Düşmanlarını yendikten sonra bunları söylemek daha kolay olmuştur diye düşünebilirsiniz. Ancak yine de insanlığa ders veren bir düşünce tarzıdır.

1955 yılındaki 6-7 eylül olaylarını duymuşsunuz. Ben İzmir’de de saldırılar olduğunu yeni öğrendim. Dostum Ali Rıza Saysen hatıralarını şöyle anlattı :

“06 Eylül 1955 akşamı hava limonata gibi. Annem, babam; kardeşlerimle maaile, Kültür Park Açık Hava Tiyatrosu’ndayız. Anımsadığım, bir gürûhun sahneyi işgâl ettiği ve bu insanların -çocukluk hâlimle pek anlam veremediğim “Kıbrıs Türk’tür” gibi bir takım sloganları- haykırmaları, ardından da Türk Bayrağı’nı sahneye dikerek İstiklâl Marşımızı okumaları. O hengâmede anlayabildiğim şuydu: “Atatürk'ün Selânik'teki evine bomba atılmış…”

Toplum psikolojisi işte; bahtımın rüzgârına kapılıp kendimi o kalabalığın arkasına takılmış buldum. Dün gibi ve utançla hatırlıyorum. Açık Hava Tiyatrosu’ndan çıkan kalabalık Fuar’daki Yunan Pavyonu’na yönelmişti. Saldırganlar pavyonu ateşe vermişlerdi.
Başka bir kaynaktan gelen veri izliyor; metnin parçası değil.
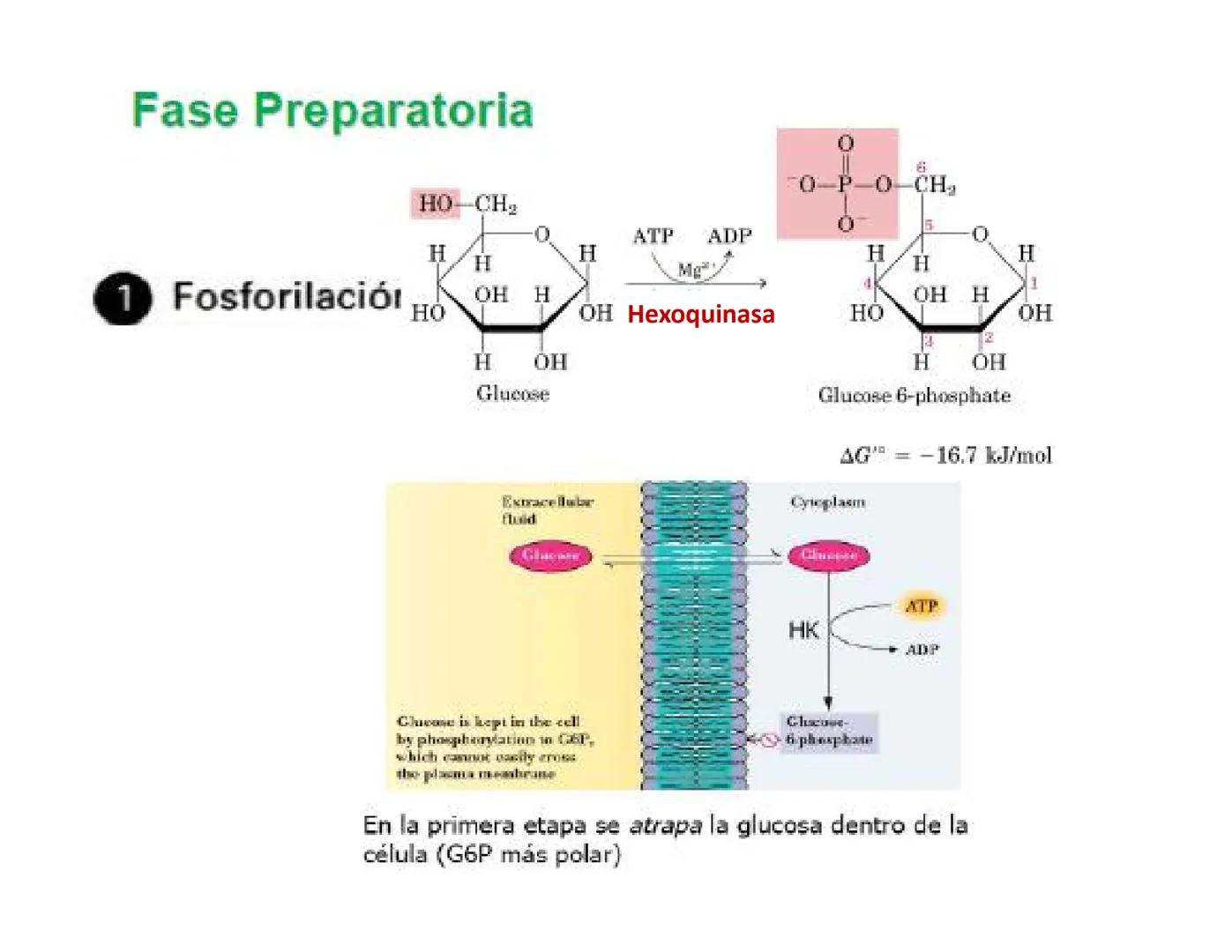 # Metabolismo de la Glucosa Proteínas Polisacáridos Lípidos
Aminoácidos Glucosa
1
Glicerol,
Acidos grasos
↓*
Piruvato
Acetil-CoA
2
Ci
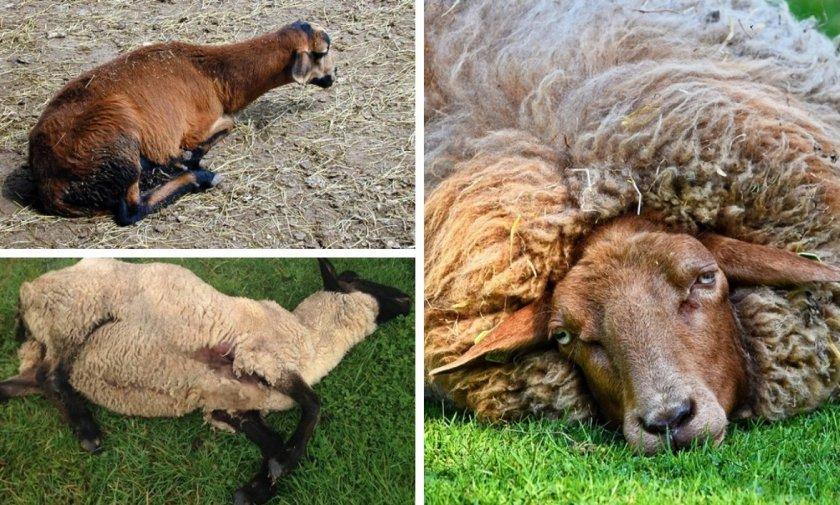 enterotoxémie ovcí
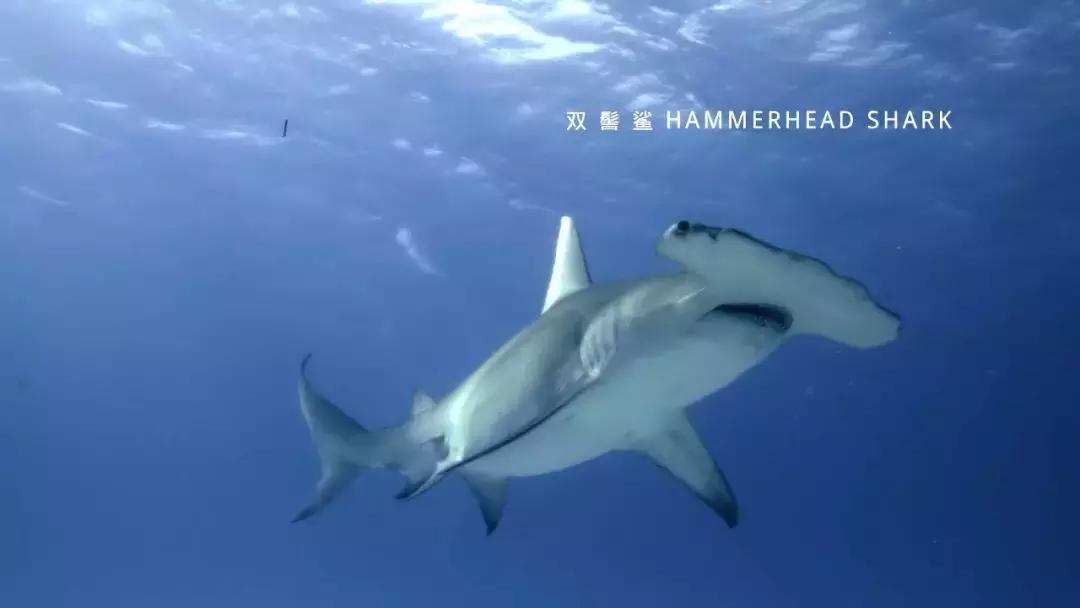 如果没有这部9.6，血腥猎奇的电影还要骗我们多久？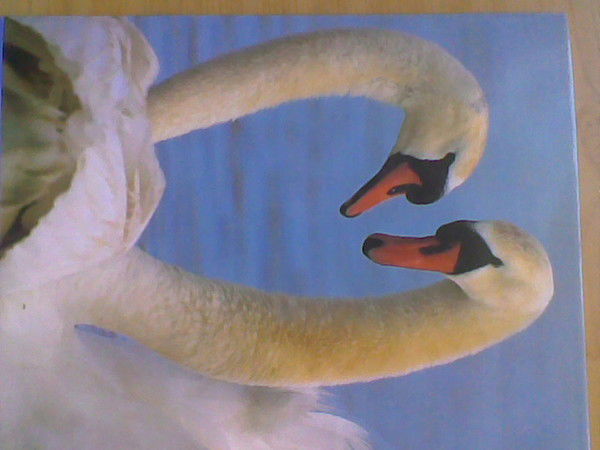 Андрей Богданов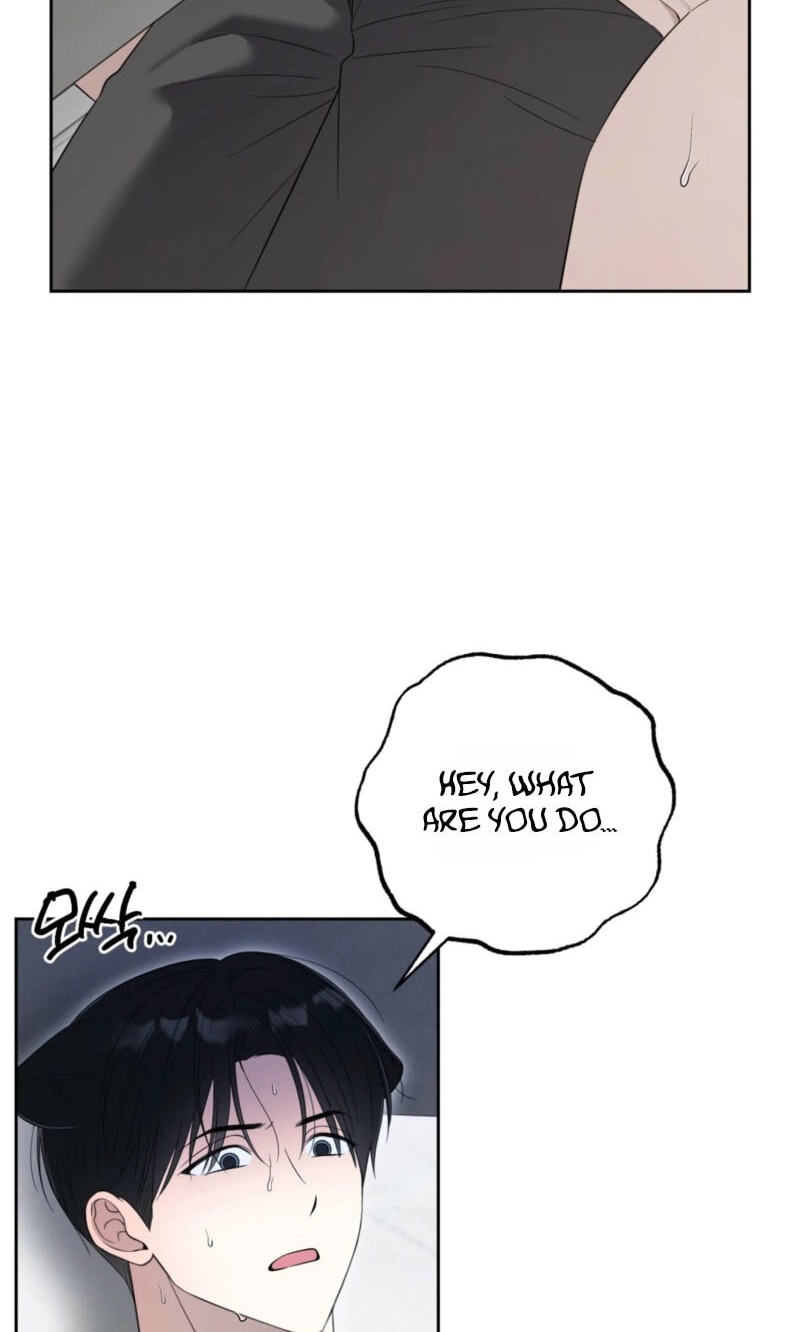 The Purrfect Match Chapter 37 page 33 - 
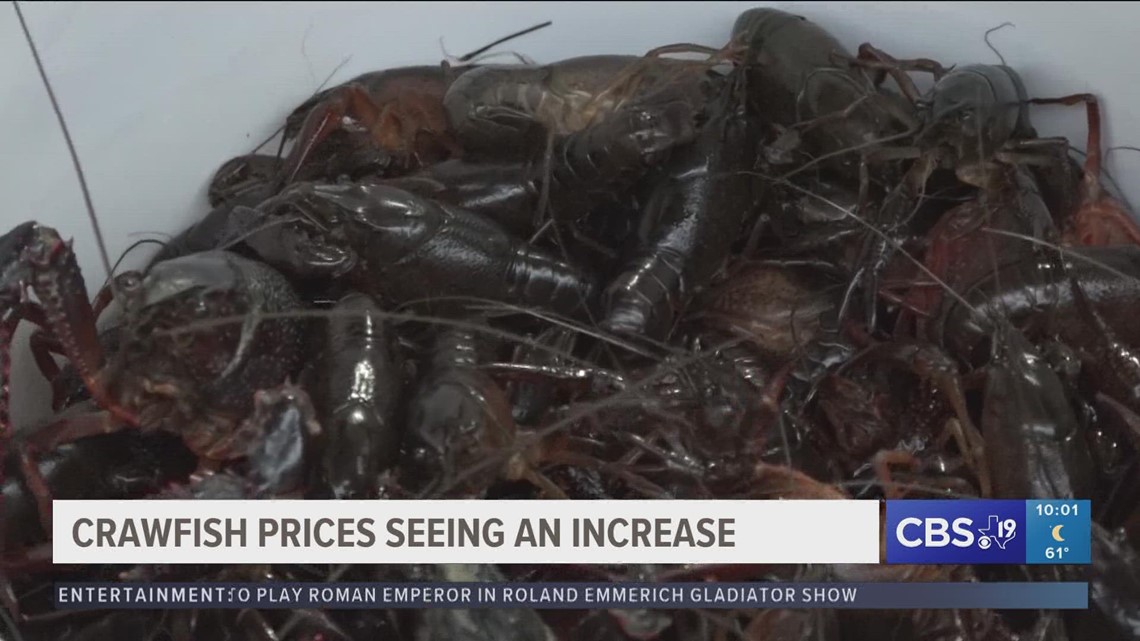 Crawfish prices see increase early in the season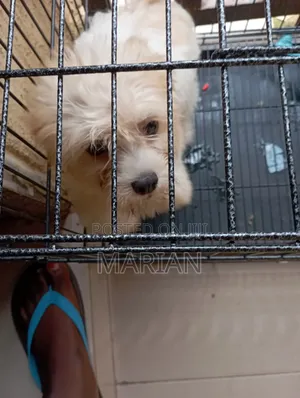 3-6 months Male Purebred Lhasa Apso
Hatta yangını söndürmek için gelen itfaiye görevlilerinin yangın söndürme gayretlerine müdahale edilmiş; yangının sönmesini engellemek için itfaiyenin su hortumları bile kesilmişti.

Evimiz 1.Kordon’daki Yunan Konsolosluğu’na yakın bir yerdeydi. Konsolosluğa ait araçların denize atıldığına, binanın yakıldığına… hatta talan edildiğine gözlerimle şâhit oldum. Daha sonra kendini bilmez insanların, şimdiki Kıbrıs Şehitleri Caddesi’nde bulunan Rum asıllı yurttaşlarımızın iş yerlerini yağmaladıklarını; kiliselerini bile ateşe verdiklerini üzülerek öğrendik. Ertesi günlerde ise, o güzelim iş yerlerinin vitrin camlarının hunharca kırıldığına; kinli ve kirli ellerin, dükkânlardaki eşyaları talan edip, beğenmediklerini sokaklara saçtıklarına yorgun ve üzgün gözlerimiz şâhitlik etti.”         

Ben kimseden İzmir’deki bu olayları duymamıştım. Rumların olduğu kadar bir Yahudileri de korkutmuş olmalı.

Siz hiç İzmir’de bu acı hatırayı unutturmayacak simgesel bir anıt, bir yazıt , bir park biliyor musunuz?

Geçen yüzyılda bu topraklarda Yahudiler , Rumlar, Ermeniler çok acılar yaşamış. Siyasi haklılığı tartışmanın dışında bırakırsak “geçmişi ile hesaplaşmamış bir toplum sürekli bir vicdan azabı ile yaşamaya devam eder”.